Fuse Film Review: “History of Fear” — From Argentina, At High Volume

One leaves History of Fear feeling that the director wants to stir up our anxiety about the omnipresence of fear itself.

History of Fear, screening at Museum of Fine Arts Boston’s New Latin American Cinema, Boston, MA, on March 18.

A scene from "History of Fear," screening at the MFA this Wednesday.

A scene from “History of Fear,” screening at the MFA this Wednesday.

By Paul Dervis

The predominant takeaway from Benjamin Naishtat’s new film, History of Fear is supplied by the soundtrack. From the opening scene right to the closing credits, this movie attacks the eardrums with ferocity. Obviously, the director is trying to engulf the audience (at least sonically) in the same way his nightmare vision of Argentinian society engulfs his characters. But does it work?

Well, the structure of the film gives little room for its inhabitants to grow, or at least grow on the viewer. At times it is actually difficult to tell these characters apart, let alone follow their separate stories. What are their relationships with each other? Where are they coming from? Where are they going? Their back stories are pretty well non existent, not to mention the logic of the narrative.

Confusion reigns.

I believe that is the point. But it is a point that the viewer gets very quickly. And where does he and she supposed to go from there?

The plot, if it can be deciphered, chronicles 24 hours in the life of suburban Buenos Aires. It is a stiflingly hot day. A rundown neighbourhood is being evacuated. Fires, most likely set by the area’s poor, are raging. Smoke fills the air. Power outages are the norm. People are behaving…weirdly. People living in an affluent gated community — separated from the decrepit section only by a park — become fearful. For good reason? We are never sure.
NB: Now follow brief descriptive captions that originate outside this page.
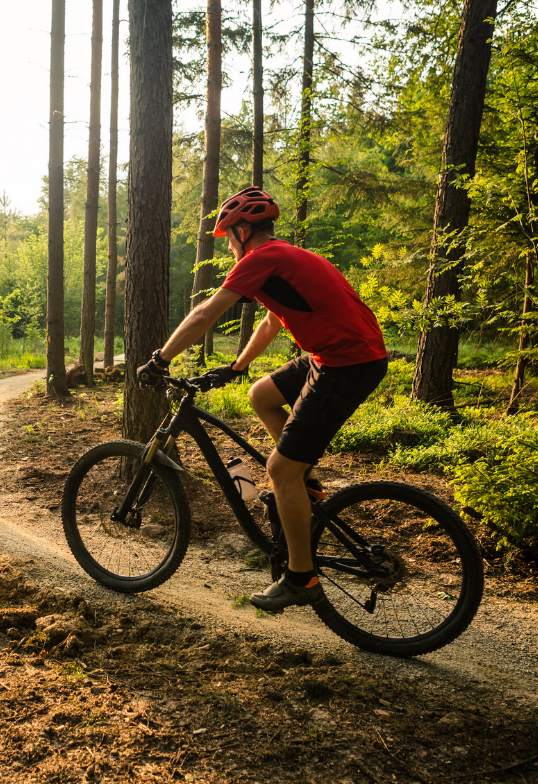 Positionnement idéal à vélo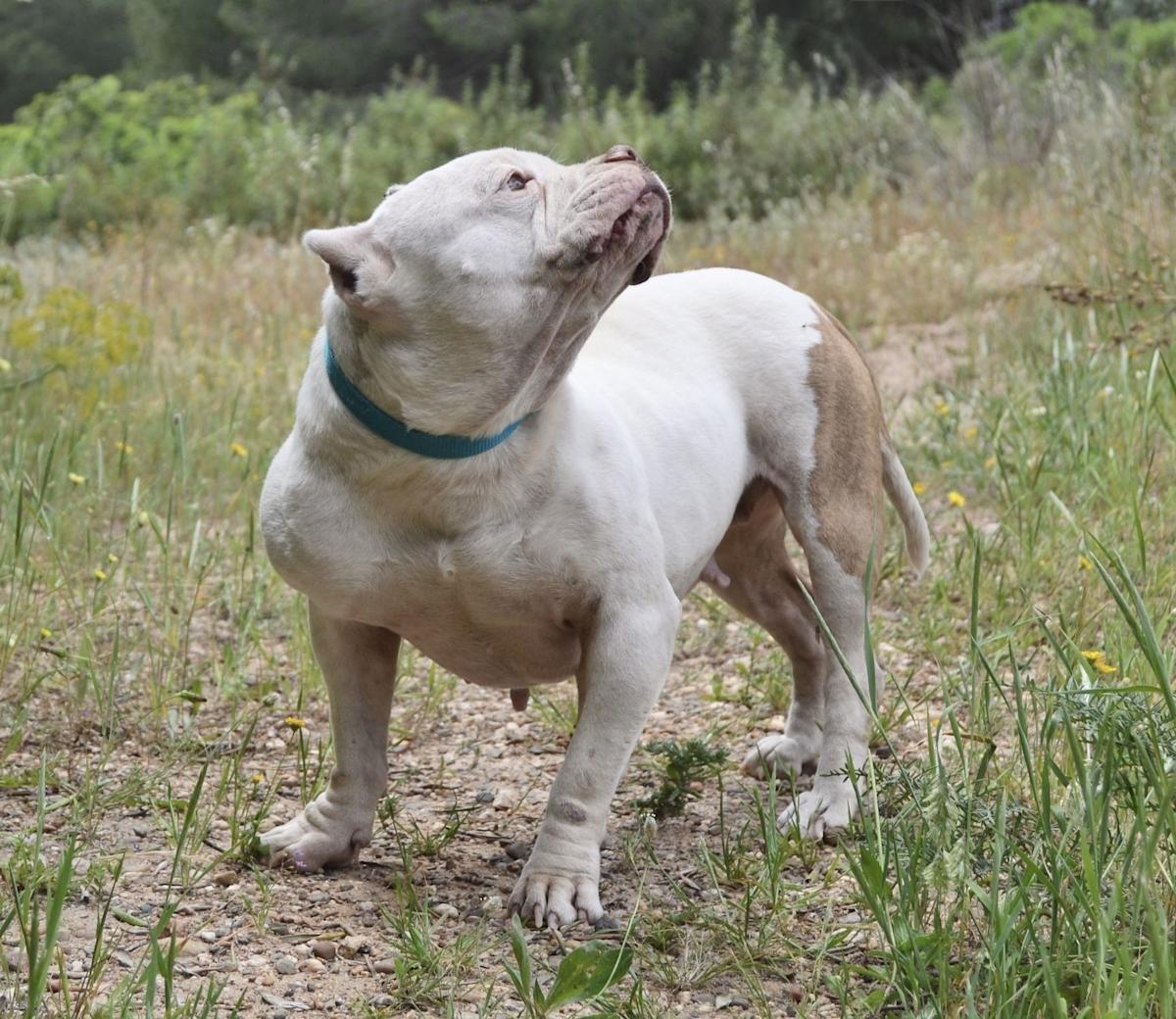 Linda - AF25158 Linda - AF25158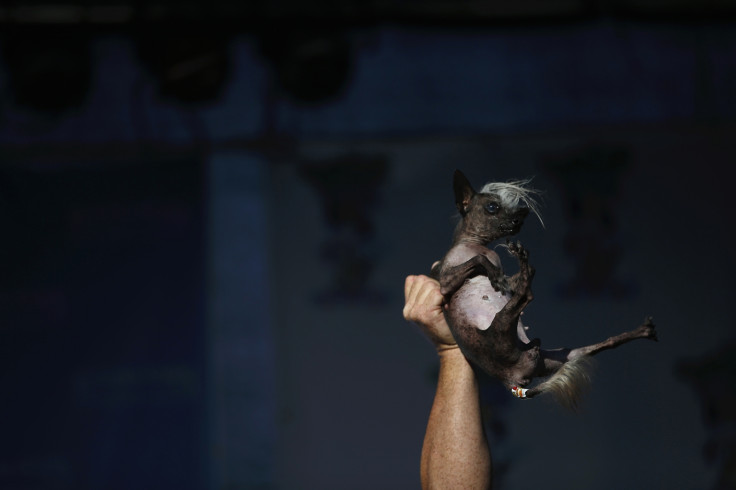 Chihuahua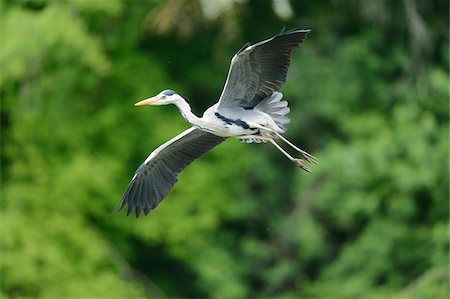 Close-up of a landing Grey Heron (Ardea cinerea) in spring, Bavaria, Germany Stock Photo - Rights-Managed, Code: 700-07584658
Strange has become the new normal. A young man, while waiting in line at a food court in an amusement park, suddenly crouches to the ground and starts gyrating. A naked man, holding a paper bag, stops a car at a toll booth. An alarm goes off in a home for no apparent reason. A man rings a doorbell and attempts to enter an apartment, claiming to be someone he is not. People are trapped in stalled elevators. Threat is pushed front and center in each and every scene, but we never see anything violent take place.
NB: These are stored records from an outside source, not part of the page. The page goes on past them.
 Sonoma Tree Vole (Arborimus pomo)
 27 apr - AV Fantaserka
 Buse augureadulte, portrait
Then there is the decibel level of the film…at times it almost hurts to listen. The opening shot is taken from a helicopter hovering over the slum. A faceless official tells the residents to leave their homes by order of the government. The voice is broadcast over a deafening and scratchy P.A. system that reverberates (at random) with numbing feedback. The alarm in a well-to-do house incessantly rings as the resident talks with the rent-a-cop. Someone on the second floor balcony of an apartment building is firing round after round from a gun at old ladies and young children: the ear-piercing pops of the shots are deafening…but nobody gets hit.

The images are blaring and monochromatic as well. People swim in a murky pond. The sky is blanketed in smog. History of Fear is so monolithically gray that at times you forget that this is a color film. And nobody ever smiles. Subtlety is not on this film’s agenda.
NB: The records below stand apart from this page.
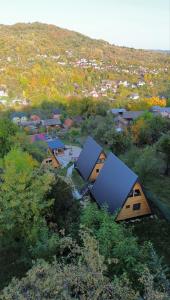 Carpatina Rustic House -Chaleturi A-frame Runcu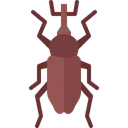 Free Beetle  Icon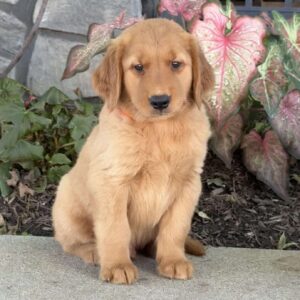 Dexter Golden Retriever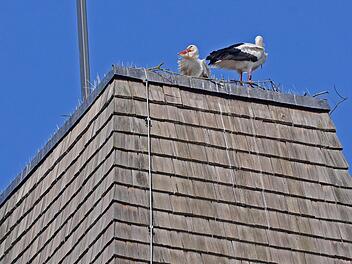 Auf dem Turm der evangelischen Kirche in Herzogenaurach ist ein Storchenpaar. Doch mit dem Nachwuchs scheint es an dieser Stelle nicht zu klappen. Foto: Heinz Czellnik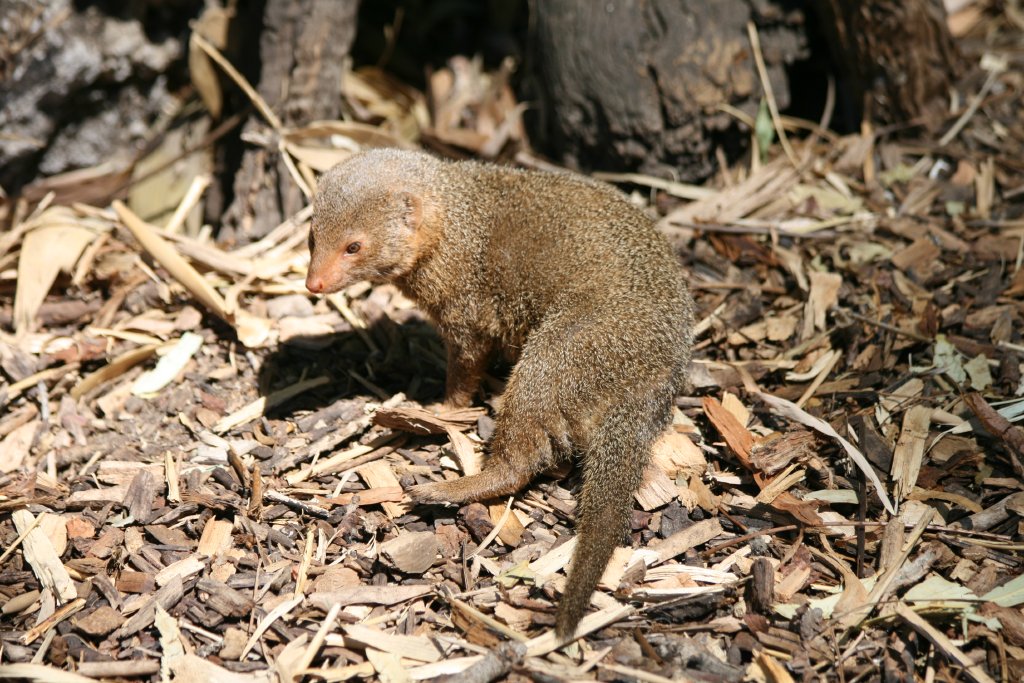 Dwarf Mongoose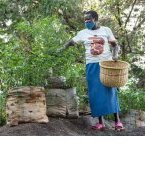 Les Africains en première ligne face à la crise de la biodiversité
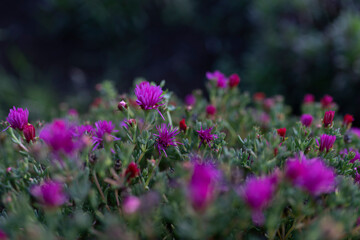 Wall Mural - Purple flowers with green leaves and a dark background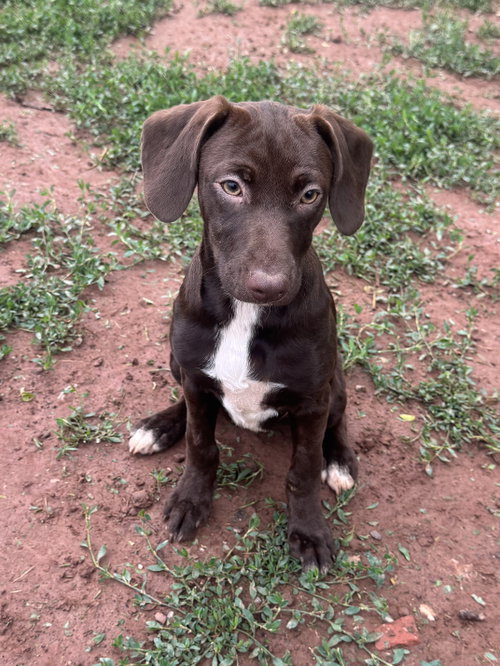 koda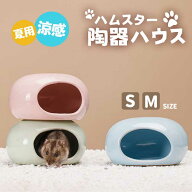 ＼S～MSIZE選べる／ ハムスター ハウス 陶器 おへや 隠れ家 涼感 夏用 ひんやり 冷房対策 暑さ対策 お休…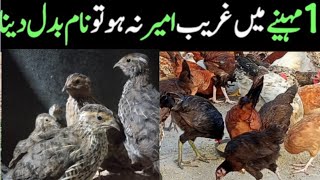 quail farming, out class business,بٹیر فارمنگ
So just what is Naishtat up to with this bombastic assault of sound and fury? It is is difficult to tell what he is targeting. Of course, Argentina has had both social and political conflict off and on for the past century. But if the writer/director is alluding to any specific horror in his country’s history he does an effective job of keeping it to himself. He successfully creates an unnerving ‘Big Brother’ environment; helicopters stuffed with gun-toting soldiers fill the skies while private security forces roam the streets. But, curiously, this kind of macho muscle does not feel to be the real threat.

He also creates a sharp divide between the leisure class and the working class, and he generates some drama out of the clash of the classes. But there’s not much of a payoff.

One is left with the sense that the filmmaker wants to stir up our anxiety about the omnipresence of fear itself. The problem with that idea is that its success depends on the strength of the characters. In order to make us grapple with our own overwhelming feelings of fear, Naishtat needed to make us feel for his subjects in some way, to at least find his figures interesting, if not worthy of our empathy. But his characters are either too simple or demented to engage us. They are little more than the sum of their fears, and that is not enough to make us care.

Note to Naishtat: next time, please turn down the volume.


Paul Dervis has been teaching drama in Canada at Algonquin College as well as the theatre conservatory Ottawa School of Speech & Drama for the past 15 years. Previously he ran theatre companies in Boston, New York, and Montreal. He has directed over 150 stage productions, receiving two dozen awards for his work. Paul has also directed six films, the most recent being 2011’s The Righteous Tithe.